Правда, сейчас мы все-таки находились не на войне. И я ценил безупречные профессиональные качества фройляйн Крёмайер. Так что я протянул ей бумажный носовой платок (благо они опять производились в изобилии).
– Ничего страшного, – успокоил я ее, – я просто хотел, чтобы вы в будущем… я не сомневаюсь в ваших способностях, напротив, я очень вами доволен… Вы не должны принимать близко к сердцу мой упрек…
– Да нет, – тяжело вздохнула она, – вы ни при чем. Я же… я ведь… я прям любила его. Я думала, все серьезно. Я думала, это по-настоящему.
С этими словами она стала рыться в рюкзачке и вытащила телефон. Что-то на нем понажимала, пока на экране не появилась фотография подлой сволочи, которую она мне протянула.
– Такой симпатичный. И всегда был такой… особенный!
Я взглянул на изображение. Мужчина и правда выглядел вполне прилично. Высокий, рослый, хотя лет на десять постарше фройляйн Крёмайер. Он стоял на улице в элегантном костюме, но в его облике не было ничего щегольского. Напротив, он имел весьма солидный вид, словно руководил маленьким, но процветающим предприятием.
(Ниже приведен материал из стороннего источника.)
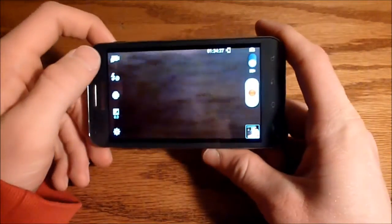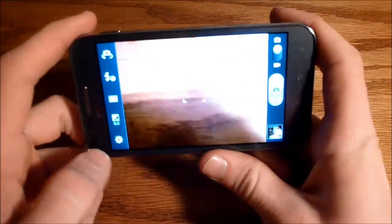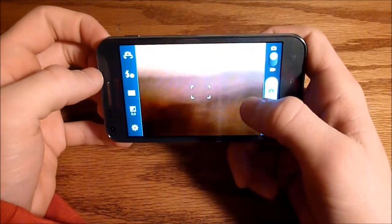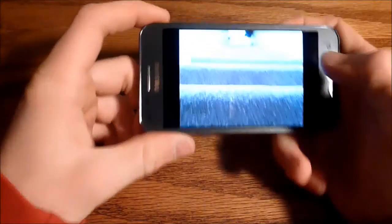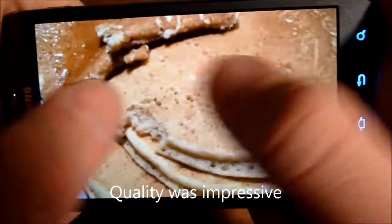Here we are in the camera — I had it on the video camera by mistake. So here is the camera: it is an 8 megapixel camera and there is an LED flash on the back. It took pretty decent pictures. We'll take a peek at some pictures I took here. Here is a platter of pancakes, and even when you zoom in, it really does not deteriorate the quality very much, which is nice.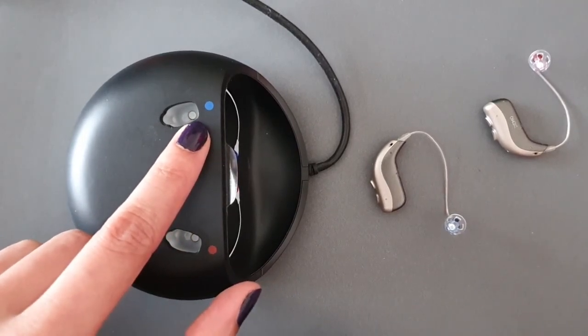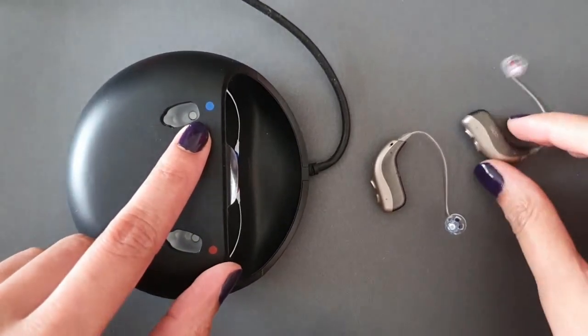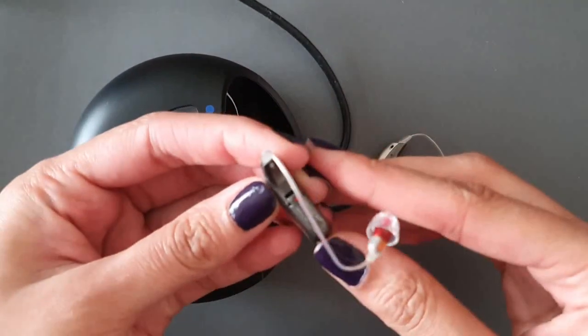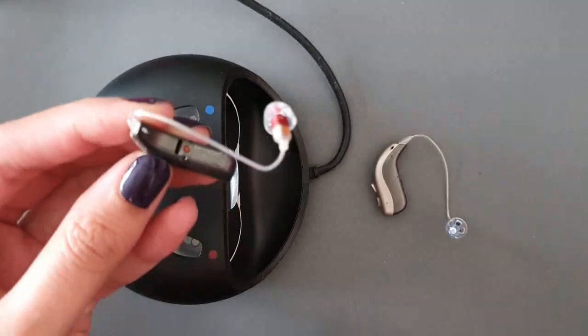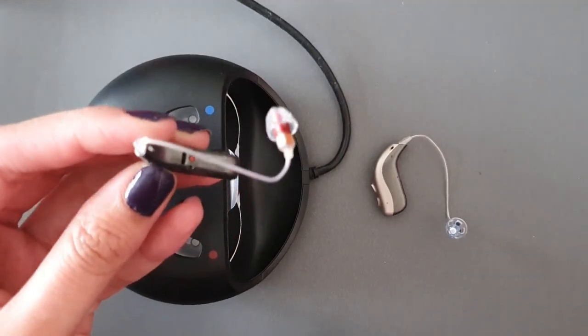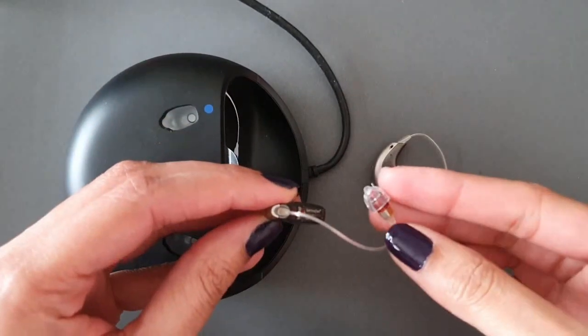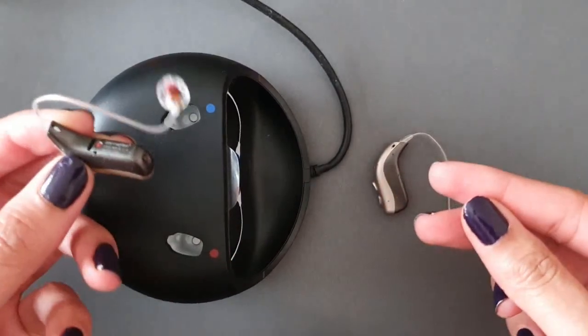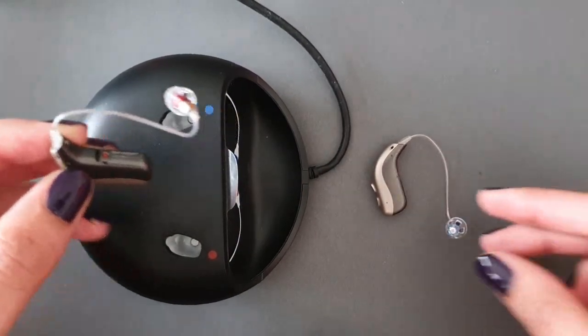One hole is for your right ear, indicated by a red marker, and one for your left ear, indicated by a blue marker. The right side hearing aid has a red dot on the back of the machine, and your speaker wire is also indicated by a red color.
– Не хотелось бы вмешиваться в ваши дела, – сказал я, – но меня действительно не удивляет, что эти отношения не привели к счастливому результату…
– Нет?
– Нисколько.
– Но почему?
– Смотрите: вы, конечно, думаете, будто вы сами разорвали отношения. Но разве вы не осознали, что не являетесь подходящей партнершей для этого мужчины?
Фройляйн Крёмайер хлюпнула носом и кивнула:
– Но все же было так отлично. И вдруг – кто ж думал…
– Это же видно с первого взгляда!
Она перестала плакать и подняла ко мне лицо, скомкав платок:
– Что? Видно?
Я сделал глубокий вдох. Потрясающе, на какие второстепенные театры военных действий Провидение забрасывает человека в борьбе за будущее немецкого народа. И насколько невероятно оно связывает разные вещи. Личную проблему фройляйн Крёмайер и надлежащую репрезентацию народной политики.
– Смотрите сами, мучжина, тем более данный расово здоровый мужчина, мечтает о веселой, жизнерадостной спутнице жизни, о матери для своих детей, о женщине, излучающей здоровый национал-социалистический дух…
– Я такая и есть!
– Разумеется, – ответил я. – Вы это знаете, и я это знаю. Однако взгляните на себя глазами человека в расцвете сил! Этот вечный черный гардероб. Темная помада, цвет лица такой, что мне все время кажется, будто вы его специально бледните… Фройляйн Крёмайер, умоляю, не начинайте снова плакать, но мертвецы, каких я видел на Западном фронте в 1916 году, имели более радостный вид, чем вы! Темный макияж – при ваших-то черных волосах. Вы же очаровательная молодая женщина, почему бы вам не надеть одежду веселых расцветок? Симпатичную блузку или праздничную юбку? Или пестрое летнее платье? Сразу увидите, как мужчины будут на вас оборачиваться!